Problem details: Word for word, retype the entire listing.

━━ Data for this task

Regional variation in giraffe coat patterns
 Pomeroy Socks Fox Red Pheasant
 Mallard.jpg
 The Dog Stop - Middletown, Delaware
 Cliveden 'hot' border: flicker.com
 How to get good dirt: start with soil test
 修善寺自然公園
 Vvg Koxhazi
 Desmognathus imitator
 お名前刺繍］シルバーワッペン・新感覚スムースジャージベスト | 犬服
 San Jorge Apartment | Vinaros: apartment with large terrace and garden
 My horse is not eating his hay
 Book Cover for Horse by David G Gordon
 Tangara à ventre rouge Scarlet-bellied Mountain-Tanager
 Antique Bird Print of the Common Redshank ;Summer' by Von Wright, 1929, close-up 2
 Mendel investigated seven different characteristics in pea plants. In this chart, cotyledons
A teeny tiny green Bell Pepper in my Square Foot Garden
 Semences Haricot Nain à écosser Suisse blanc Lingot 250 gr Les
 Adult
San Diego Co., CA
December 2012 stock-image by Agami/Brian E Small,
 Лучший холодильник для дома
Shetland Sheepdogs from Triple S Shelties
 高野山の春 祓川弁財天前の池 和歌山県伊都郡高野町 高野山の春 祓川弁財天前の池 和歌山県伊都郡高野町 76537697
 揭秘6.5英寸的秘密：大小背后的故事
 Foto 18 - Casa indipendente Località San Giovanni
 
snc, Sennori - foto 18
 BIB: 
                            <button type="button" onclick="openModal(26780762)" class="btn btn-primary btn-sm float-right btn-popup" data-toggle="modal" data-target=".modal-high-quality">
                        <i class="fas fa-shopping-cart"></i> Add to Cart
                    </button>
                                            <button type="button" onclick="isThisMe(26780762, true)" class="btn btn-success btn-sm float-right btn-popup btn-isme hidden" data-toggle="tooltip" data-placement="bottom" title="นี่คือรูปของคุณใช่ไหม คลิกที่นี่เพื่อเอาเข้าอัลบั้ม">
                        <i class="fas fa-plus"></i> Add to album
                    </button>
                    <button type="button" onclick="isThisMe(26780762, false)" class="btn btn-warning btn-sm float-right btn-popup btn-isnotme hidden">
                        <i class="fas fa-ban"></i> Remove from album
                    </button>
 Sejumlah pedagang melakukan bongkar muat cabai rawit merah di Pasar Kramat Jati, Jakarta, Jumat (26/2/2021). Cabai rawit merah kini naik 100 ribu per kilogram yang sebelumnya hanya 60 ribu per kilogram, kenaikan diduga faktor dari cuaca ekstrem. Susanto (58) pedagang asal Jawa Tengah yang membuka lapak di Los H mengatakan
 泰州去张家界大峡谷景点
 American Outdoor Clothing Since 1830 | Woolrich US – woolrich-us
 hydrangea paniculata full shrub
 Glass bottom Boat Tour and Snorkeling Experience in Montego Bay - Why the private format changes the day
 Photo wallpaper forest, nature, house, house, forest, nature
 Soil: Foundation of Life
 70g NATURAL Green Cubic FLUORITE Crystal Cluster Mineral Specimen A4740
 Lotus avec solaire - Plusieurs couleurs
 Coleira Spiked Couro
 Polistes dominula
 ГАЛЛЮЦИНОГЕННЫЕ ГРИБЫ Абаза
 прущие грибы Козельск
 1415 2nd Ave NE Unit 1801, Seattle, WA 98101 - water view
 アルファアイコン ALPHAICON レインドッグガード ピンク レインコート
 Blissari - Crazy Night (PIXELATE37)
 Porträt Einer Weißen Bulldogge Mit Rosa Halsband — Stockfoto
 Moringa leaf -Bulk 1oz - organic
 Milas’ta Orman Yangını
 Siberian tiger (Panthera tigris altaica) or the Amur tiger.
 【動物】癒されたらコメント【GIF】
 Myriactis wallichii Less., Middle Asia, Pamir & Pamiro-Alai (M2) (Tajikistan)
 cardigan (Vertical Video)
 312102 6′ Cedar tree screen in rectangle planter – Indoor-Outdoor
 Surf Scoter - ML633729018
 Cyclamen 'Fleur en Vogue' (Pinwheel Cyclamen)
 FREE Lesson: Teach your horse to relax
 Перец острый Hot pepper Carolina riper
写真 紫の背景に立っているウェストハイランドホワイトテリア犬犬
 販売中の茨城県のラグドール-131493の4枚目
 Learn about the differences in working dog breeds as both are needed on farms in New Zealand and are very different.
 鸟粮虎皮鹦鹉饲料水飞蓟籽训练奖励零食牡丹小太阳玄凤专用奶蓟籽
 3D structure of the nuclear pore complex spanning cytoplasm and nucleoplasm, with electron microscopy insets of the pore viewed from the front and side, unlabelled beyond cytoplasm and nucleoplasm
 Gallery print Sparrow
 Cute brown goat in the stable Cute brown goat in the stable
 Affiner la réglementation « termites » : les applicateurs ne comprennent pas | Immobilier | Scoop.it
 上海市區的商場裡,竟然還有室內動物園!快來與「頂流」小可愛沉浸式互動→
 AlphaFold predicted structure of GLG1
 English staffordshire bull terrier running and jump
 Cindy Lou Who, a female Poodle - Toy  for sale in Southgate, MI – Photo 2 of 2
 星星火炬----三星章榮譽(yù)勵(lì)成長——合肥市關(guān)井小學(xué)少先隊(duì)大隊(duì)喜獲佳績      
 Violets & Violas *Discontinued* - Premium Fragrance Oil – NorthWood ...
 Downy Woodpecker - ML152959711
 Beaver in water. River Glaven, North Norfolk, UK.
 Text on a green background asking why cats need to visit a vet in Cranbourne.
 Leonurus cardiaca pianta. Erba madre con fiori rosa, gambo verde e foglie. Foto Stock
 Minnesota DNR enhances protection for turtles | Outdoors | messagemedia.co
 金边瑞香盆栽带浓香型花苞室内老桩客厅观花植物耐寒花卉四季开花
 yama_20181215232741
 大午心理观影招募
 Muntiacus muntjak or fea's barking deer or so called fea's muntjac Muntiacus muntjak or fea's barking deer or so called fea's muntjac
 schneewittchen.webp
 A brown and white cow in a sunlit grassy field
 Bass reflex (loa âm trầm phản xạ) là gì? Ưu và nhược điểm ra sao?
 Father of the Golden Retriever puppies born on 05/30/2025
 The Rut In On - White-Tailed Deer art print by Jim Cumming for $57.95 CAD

━━━━

Exercise response:
Regional variation in giraffe coat patterns
 Pomeroy Socks Fox Red Pheasant
 Mallard.jpg
 The Dog Stop - Middletown, Delaware
 Cliveden 'hot' border: flicker.com
 How to get good dirt: start with soil test
 修善寺自然公園
 Vvg Koxhazi
 Desmognathus imitator
 お名前刺繍］シルバーワッペン・新感覚スムースジャージベスト | 犬服
 San Jorge Apartment | Vinaros: apartment with large terrace and garden
 My horse is not eating his hay
 Book Cover for Horse by David G Gordon
 Tangara à ventre rouge Scarlet-bellied Mountain-Tanager
 Antique Bird Print of the Common Redshank ;Summer' by Von Wright, 1929, close-up 2
 Mendel investigated seven different characteristics in pea plants. In this chart, cotyledons
A teeny tiny green Bell Pepper in my Square Foot Garden
 Semences Haricot Nain à écosser Suisse blanc Lingot 250 gr Les
 Adult
San Diego Co., CA
December 2012 stock-image by Agami/Brian E Small,
 Лучший холодильник для дома
Shetland Sheepdogs from Triple S Shelties
 高野山の春 祓川弁財天前の池 和歌山県伊都郡高野町 高野山の春 祓川弁財天前の池 和歌山県伊都郡高野町 76537697
 揭秘6.5英寸的秘密：大小背后的故事
 Foto 18 - Casa indipendente Località San Giovanni
 
snc, Sennori - foto 18
 BIB: 
                            <button type="button" onclick="openModal(26780762)" class="btn btn-primary btn-sm float-right btn-popup" data-toggle="modal" data-target=".modal-high-quality">
                        <i class="fas fa-shopping-cart"></i> Add to Cart
                    </button>
                                            <button type="button" onclick="isThisMe(26780762, true)" class="btn btn-success btn-sm float-right btn-popup btn-isme hidden" data-toggle="tooltip" data-placement="bottom" title="นี่คือรูปของคุณใช่ไหม คลิกที่นี่เพื่อเอาเข้าอัลบั้ม">
                        <i class="fas fa-plus"></i> Add to album
                    </button>
                    <button type="button" onclick="isThisMe(26780762, false)" class="btn btn-warning btn-sm float-right btn-popup btn-isnotme hidden">
                        <i class="fas fa-ban"></i> Remove from album
                    </button>
 Sejumlah pedagang melakukan bongkar muat cabai rawit merah di Pasar Kramat Jati, Jakarta, Jumat (26/2/2021). Cabai rawit merah kini naik 100 ribu per kilogram yang sebelumnya hanya 60 ribu per kilogram, kenaikan diduga faktor dari cuaca ekstrem. Susanto (58) pedagang asal Jawa Tengah yang membuka lapak di Los H mengatakan
 泰州去张家界大峡谷景点
 American Outdoor Clothing Since 1830 | Woolrich US – woolrich-us
 hydrangea paniculata full shrub
 Glass bottom Boat Tour and Snorkeling Experience in Montego Bay - Why the private format changes the day
 Photo wallpaper forest, nature, house, house, forest, nature
 Soil: Foundation of Life
 70g NATURAL Green Cubic FLUORITE Crystal Cluster Mineral Specimen A4740
 Lotus avec solaire - Plusieurs couleurs
 Coleira Spiked Couro
 Polistes dominula
 ГАЛЛЮЦИНОГЕННЫЕ ГРИБЫ Абаза
 прущие грибы Козельск
 1415 2nd Ave NE Unit 1801, Seattle, WA 98101 - water view
 アルファアイコン ALPHAICON レインドッグガード ピンク レインコート
 Blissari - Crazy Night (PIXELATE37)
 Porträt Einer Weißen Bulldogge Mit Rosa Halsband — Stockfoto
 Moringa leaf -Bulk 1oz - organic
 Milas’ta Orman Yangını
 Siberian tiger (Panthera tigris altaica) or the Amur tiger.
 【動物】癒されたらコメント【GIF】
 Myriactis wallichii Less., Middle Asia, Pamir & Pamiro-Alai (M2) (Tajikistan)
 cardigan (Vertical Video)
 312102 6′ Cedar tree screen in rectangle planter – Indoor-Outdoor
 Surf Scoter - ML633729018
 Cyclamen 'Fleur en Vogue' (Pinwheel Cyclamen)
 FREE Lesson: Teach your horse to relax
 Перец острый Hot pepper Carolina riper
写真 紫の背景に立っているウェストハイランドホワイトテリア犬犬
 販売中の茨城県のラグドール-131493の4枚目
 Learn about the differences in working dog breeds as both are needed on farms in New Zealand and are very different.
 鸟粮虎皮鹦鹉饲料水飞蓟籽训练奖励零食牡丹小太阳玄凤专用奶蓟籽
 3D structure of the nuclear pore complex spanning cytoplasm and nucleoplasm, with electron microscopy insets of the pore viewed from the front and side, unlabelled beyond cytoplasm and nucleoplasm
 Gallery print Sparrow
 Cute brown goat in the stable Cute brown goat in the stable
 Affiner la réglementation « termites » : les applicateurs ne comprennent pas | Immobilier | Scoop.it
 上海市區的商場裡,竟然還有室內動物園!快來與「頂流」小可愛沉浸式互動→
 AlphaFold predicted structure of GLG1
 English staffordshire bull terrier running and jump
 Cindy Lou Who, a female Poodle - Toy  for sale in Southgate, MI – Photo 2 of 2
 星星火炬----三星章榮譽(yù)勵(lì)成長——合肥市關(guān)井小學(xué)少先隊(duì)大隊(duì)喜獲佳績      
 Violets & Violas *Discontinued* - Premium Fragrance Oil – NorthWood ...
 Downy Woodpecker - ML152959711
 Beaver in water. River Glaven, North Norfolk, UK.
 Text on a green background asking why cats need to visit a vet in Cranbourne.
 Leonurus cardiaca pianta. Erba madre con fiori rosa, gambo verde e foglie. Foto Stock
 Minnesota DNR enhances protection for turtles | Outdoors | messagemedia.co
 金边瑞香盆栽带浓香型花苞室内老桩客厅观花植物耐寒花卉四季开花
 yama_20181215232741
 大午心理观影招募
 Muntiacus muntjak or fea's barking deer or so called fea's muntjac Muntiacus muntjak or fea's barking deer or so called fea's muntjac
 schneewittchen.webp
 A brown and white cow in a sunlit grassy field
 Bass reflex (loa âm trầm phản xạ) là gì? Ưu và nhược điểm ra sao?
 Father of the Golden Retriever puppies born on 05/30/2025
 The Rut In On - White-Tailed Deer art print by Jim Cumming for $57.95 CAD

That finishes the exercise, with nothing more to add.